Department of Pathology, Queen Mary Hospital, Hong Kong, China.
Mod Pathol. 2010 Apr;23(4):493-501. doi: 10.1038/modpathol.2009.168. Epub 2010 Jan 8.
Diffuse large B-cell lymphoma that develops in the setting of long-standing chronic inflammation is typically associated with Epstein-Barr virus, and usually presents as tumor mass involving body cavities, as in pyothorax-associated lymphoma. It is listed as a distinct entity in the latest World Health Organization lymphoma classification.

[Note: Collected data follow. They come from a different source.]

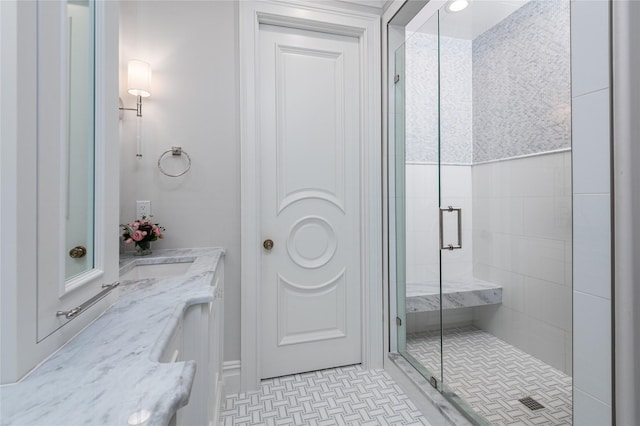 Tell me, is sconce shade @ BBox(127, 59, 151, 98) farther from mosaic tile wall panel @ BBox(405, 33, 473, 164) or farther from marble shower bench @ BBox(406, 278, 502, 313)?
marble shower bench @ BBox(406, 278, 502, 313)

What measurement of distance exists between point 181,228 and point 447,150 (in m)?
1.71

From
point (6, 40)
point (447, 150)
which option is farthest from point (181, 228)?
point (447, 150)

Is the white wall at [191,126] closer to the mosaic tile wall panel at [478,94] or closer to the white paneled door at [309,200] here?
the white paneled door at [309,200]

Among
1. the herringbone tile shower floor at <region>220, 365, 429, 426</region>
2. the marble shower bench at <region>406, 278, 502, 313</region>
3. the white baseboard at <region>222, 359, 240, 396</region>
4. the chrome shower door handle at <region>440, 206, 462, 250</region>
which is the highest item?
the chrome shower door handle at <region>440, 206, 462, 250</region>

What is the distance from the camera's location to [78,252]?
0.72 meters

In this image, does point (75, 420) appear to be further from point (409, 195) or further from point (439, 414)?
point (409, 195)

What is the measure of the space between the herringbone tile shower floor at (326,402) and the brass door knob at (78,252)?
4.15ft

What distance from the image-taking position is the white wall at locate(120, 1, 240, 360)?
1.74 m

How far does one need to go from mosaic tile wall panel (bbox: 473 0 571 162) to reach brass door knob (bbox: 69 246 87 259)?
1.65 meters

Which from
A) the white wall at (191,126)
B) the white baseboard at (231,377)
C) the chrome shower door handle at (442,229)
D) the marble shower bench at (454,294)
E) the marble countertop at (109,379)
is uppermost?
the white wall at (191,126)

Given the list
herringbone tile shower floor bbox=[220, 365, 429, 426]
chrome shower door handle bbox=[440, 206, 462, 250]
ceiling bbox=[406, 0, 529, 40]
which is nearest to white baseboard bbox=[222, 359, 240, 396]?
herringbone tile shower floor bbox=[220, 365, 429, 426]

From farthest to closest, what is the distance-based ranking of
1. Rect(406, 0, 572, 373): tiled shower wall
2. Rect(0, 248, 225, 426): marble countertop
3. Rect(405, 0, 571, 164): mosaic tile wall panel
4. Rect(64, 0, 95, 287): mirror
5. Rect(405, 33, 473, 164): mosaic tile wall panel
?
Rect(405, 33, 473, 164): mosaic tile wall panel → Rect(405, 0, 571, 164): mosaic tile wall panel → Rect(406, 0, 572, 373): tiled shower wall → Rect(64, 0, 95, 287): mirror → Rect(0, 248, 225, 426): marble countertop

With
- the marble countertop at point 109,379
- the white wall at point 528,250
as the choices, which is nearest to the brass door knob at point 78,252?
the marble countertop at point 109,379

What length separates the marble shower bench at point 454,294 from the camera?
1.82 meters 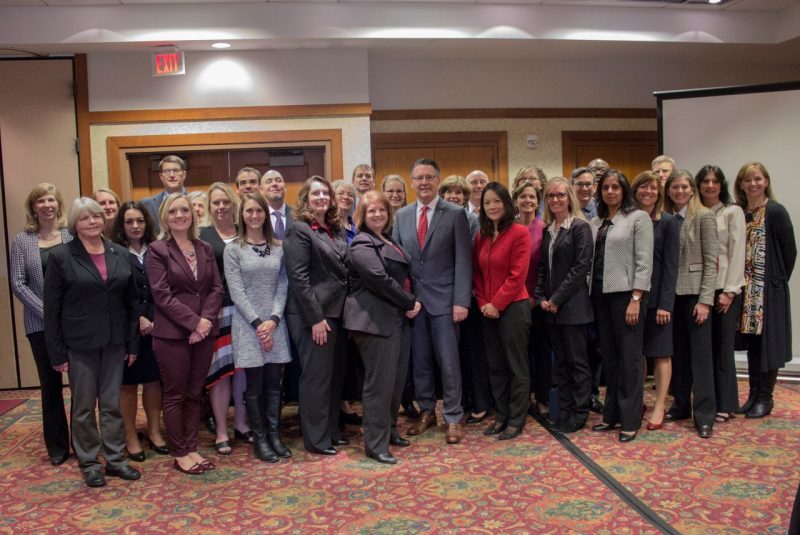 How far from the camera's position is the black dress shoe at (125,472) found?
3.46m

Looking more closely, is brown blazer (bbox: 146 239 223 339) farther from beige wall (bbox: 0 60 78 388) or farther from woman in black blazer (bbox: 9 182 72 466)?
beige wall (bbox: 0 60 78 388)

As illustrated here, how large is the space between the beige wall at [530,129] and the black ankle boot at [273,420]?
378 centimetres

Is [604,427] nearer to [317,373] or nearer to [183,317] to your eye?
[317,373]

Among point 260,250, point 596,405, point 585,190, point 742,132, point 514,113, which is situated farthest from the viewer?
point 514,113

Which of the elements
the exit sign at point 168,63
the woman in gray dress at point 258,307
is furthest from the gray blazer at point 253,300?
the exit sign at point 168,63

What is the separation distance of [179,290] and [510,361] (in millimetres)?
1896

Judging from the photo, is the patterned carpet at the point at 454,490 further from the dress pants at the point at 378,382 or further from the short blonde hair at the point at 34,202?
the short blonde hair at the point at 34,202

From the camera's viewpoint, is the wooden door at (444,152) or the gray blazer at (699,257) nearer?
the gray blazer at (699,257)

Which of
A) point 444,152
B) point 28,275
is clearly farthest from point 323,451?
point 444,152

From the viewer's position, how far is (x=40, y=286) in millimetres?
3764

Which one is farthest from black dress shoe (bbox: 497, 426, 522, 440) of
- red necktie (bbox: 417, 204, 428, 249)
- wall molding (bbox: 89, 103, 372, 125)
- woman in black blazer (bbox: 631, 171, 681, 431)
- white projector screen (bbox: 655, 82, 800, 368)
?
wall molding (bbox: 89, 103, 372, 125)

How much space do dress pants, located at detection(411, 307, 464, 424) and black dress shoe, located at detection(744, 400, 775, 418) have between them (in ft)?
6.19

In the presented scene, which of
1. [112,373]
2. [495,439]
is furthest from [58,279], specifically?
[495,439]

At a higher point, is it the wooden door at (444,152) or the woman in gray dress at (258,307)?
the wooden door at (444,152) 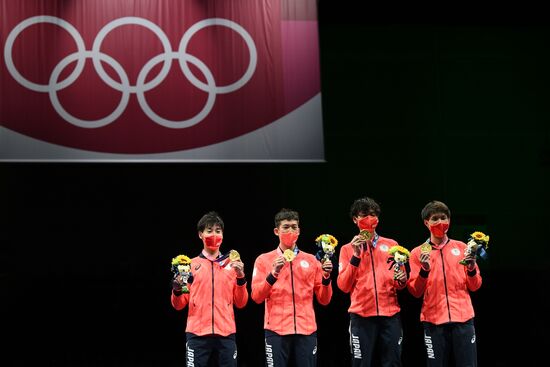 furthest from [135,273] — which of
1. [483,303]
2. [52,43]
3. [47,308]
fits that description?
[483,303]

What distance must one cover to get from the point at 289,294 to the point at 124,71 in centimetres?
271

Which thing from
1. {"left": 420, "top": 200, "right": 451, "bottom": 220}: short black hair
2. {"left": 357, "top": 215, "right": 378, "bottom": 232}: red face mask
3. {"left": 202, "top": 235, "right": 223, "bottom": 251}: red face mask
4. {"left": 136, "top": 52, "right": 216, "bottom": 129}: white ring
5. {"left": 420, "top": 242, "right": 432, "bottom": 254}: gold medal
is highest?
{"left": 136, "top": 52, "right": 216, "bottom": 129}: white ring

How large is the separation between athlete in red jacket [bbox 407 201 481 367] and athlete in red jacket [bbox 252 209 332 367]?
0.77 m

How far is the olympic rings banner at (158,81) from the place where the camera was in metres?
6.55

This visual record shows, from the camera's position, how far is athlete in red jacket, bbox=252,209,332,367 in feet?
18.0

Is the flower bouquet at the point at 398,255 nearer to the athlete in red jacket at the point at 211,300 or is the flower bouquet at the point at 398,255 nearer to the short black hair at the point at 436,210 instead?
the short black hair at the point at 436,210

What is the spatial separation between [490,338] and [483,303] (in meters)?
0.38

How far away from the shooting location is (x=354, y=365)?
5.68 m

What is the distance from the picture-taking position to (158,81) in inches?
265

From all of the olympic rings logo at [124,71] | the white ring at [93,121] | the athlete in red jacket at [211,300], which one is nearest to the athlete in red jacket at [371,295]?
the athlete in red jacket at [211,300]

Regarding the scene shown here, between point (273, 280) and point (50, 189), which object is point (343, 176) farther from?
point (50, 189)

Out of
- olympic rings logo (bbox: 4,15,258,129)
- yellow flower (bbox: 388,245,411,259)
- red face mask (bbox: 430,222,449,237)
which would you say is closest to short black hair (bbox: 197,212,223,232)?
olympic rings logo (bbox: 4,15,258,129)

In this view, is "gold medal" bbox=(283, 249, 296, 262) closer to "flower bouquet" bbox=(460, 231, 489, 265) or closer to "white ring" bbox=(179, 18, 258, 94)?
"flower bouquet" bbox=(460, 231, 489, 265)

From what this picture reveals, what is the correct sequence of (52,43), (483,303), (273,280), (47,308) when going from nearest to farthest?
(273,280), (52,43), (47,308), (483,303) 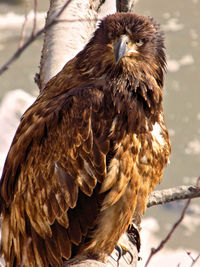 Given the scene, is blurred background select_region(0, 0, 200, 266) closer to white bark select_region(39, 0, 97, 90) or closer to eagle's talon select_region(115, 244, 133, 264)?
white bark select_region(39, 0, 97, 90)

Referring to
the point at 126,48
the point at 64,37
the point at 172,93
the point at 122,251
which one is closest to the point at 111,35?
the point at 126,48

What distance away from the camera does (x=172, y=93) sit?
9.58 meters

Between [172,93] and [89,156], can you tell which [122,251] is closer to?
[89,156]

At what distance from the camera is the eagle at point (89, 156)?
3383 millimetres

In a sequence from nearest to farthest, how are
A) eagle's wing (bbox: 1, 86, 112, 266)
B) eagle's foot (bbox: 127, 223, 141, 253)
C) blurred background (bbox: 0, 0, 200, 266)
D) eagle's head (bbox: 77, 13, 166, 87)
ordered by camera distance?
eagle's wing (bbox: 1, 86, 112, 266), eagle's head (bbox: 77, 13, 166, 87), eagle's foot (bbox: 127, 223, 141, 253), blurred background (bbox: 0, 0, 200, 266)

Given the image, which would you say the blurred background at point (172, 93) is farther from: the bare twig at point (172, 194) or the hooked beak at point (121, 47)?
the hooked beak at point (121, 47)

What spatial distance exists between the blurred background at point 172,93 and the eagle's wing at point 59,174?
12.8 feet

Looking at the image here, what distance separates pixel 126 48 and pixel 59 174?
77 centimetres

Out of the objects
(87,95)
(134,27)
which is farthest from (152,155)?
(134,27)

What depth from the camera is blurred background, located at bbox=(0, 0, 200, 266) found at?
780 centimetres

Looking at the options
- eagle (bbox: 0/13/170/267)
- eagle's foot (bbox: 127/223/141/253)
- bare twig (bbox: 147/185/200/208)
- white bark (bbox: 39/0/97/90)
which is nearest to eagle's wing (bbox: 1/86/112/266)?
eagle (bbox: 0/13/170/267)

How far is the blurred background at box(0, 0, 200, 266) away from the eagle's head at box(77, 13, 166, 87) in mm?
3933

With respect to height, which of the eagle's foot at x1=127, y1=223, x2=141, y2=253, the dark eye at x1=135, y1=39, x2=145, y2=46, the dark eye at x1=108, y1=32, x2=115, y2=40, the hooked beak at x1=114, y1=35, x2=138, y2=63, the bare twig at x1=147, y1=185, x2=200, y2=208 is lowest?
the eagle's foot at x1=127, y1=223, x2=141, y2=253

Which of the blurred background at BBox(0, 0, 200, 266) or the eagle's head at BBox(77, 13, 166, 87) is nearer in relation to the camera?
the eagle's head at BBox(77, 13, 166, 87) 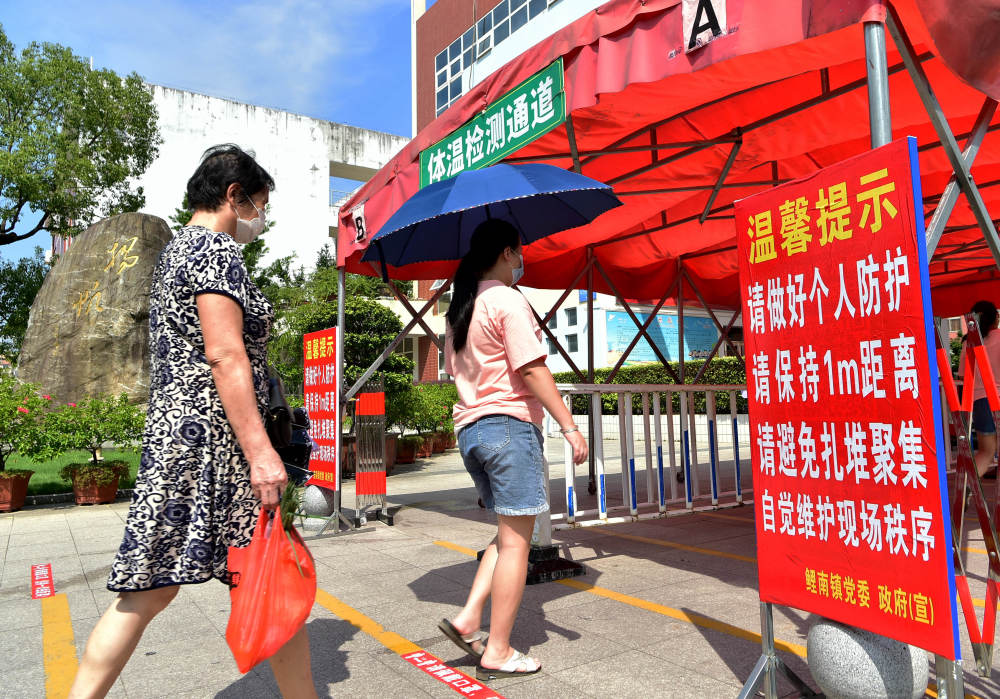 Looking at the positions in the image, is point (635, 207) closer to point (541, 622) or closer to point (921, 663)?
point (541, 622)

We report four cases that were incidentally discovered on histologic examination, one each in a splenic false cyst, a long-standing hydrocele, an atrial myxoma, and metallic-implant wear debris. Microscopic foci of atypical (neoplastic) large lymphoid cells were found within the contents of the cysts or curettage material, or within the stroma of the atrial myxoma. Despite the diverse clinical scenarios, all cases showed a homogeneous phenotype: positivity for B-lineage markers (CD20+, CD79a+, PAX5+), non-germinal center immunophenotype (CD10-, BCL6-/+, MUM-1+), and positivity for Epstein-Barr virus with type III latency (LMP1+, EBNA2+). The last feature supports the hypothesis that the lymphoma has arisen in a setting of 'local immunodeficiency' as a result of long-standing chronic inflammation in an enclosed space, a characteristic pathogenetic mechanism of diffuse large B-cell lymphoma associated with chronic inflammation. These cases therefore expand the spectrum of this entity to include new clinical scenarios for the development of this lymphoma type.
在长期慢性炎症的背景下发展的弥漫性大 B 细胞淋巴瘤通常与 EBV 相关,通常表现为累及体腔的肿瘤肿块,如脓胸相关淋巴瘤。它在最新的世界卫生组织淋巴瘤分类中被列为一种独特的实体。我们报告了 4 例偶然在组织学检查中发现的病例,分别位于脾假性囊肿、长期性鞘膜积液、心房粘液瘤和金属植入物磨损碎片中。在囊肿内容物或刮除物或心房粘液瘤的基质中发现了散在的不典型(肿瘤性)大淋巴细胞灶。尽管临床情况各异,但所有病例均表现出均质表型:B 细胞标记物(CD20+、CD79a+、PAX5+)阳性、非生发中心免疫表型(CD10-、BCL6-/+、MUM-1+)阳性和 EBV Ⅲ型潜伏(LMP1+、EBNA2+)阳性。最后一个特征支持这样一种假说,即由于封闭空间中的长期慢性炎症导致“局部免疫缺陷”,从而导致淋巴瘤的发生,这是与慢性炎症相关的弥漫性大 B 细胞淋巴瘤的一种特征性发病机制。这些病例因此扩大了该实体的范围,包括这种淋巴瘤类型发生的新临床情况。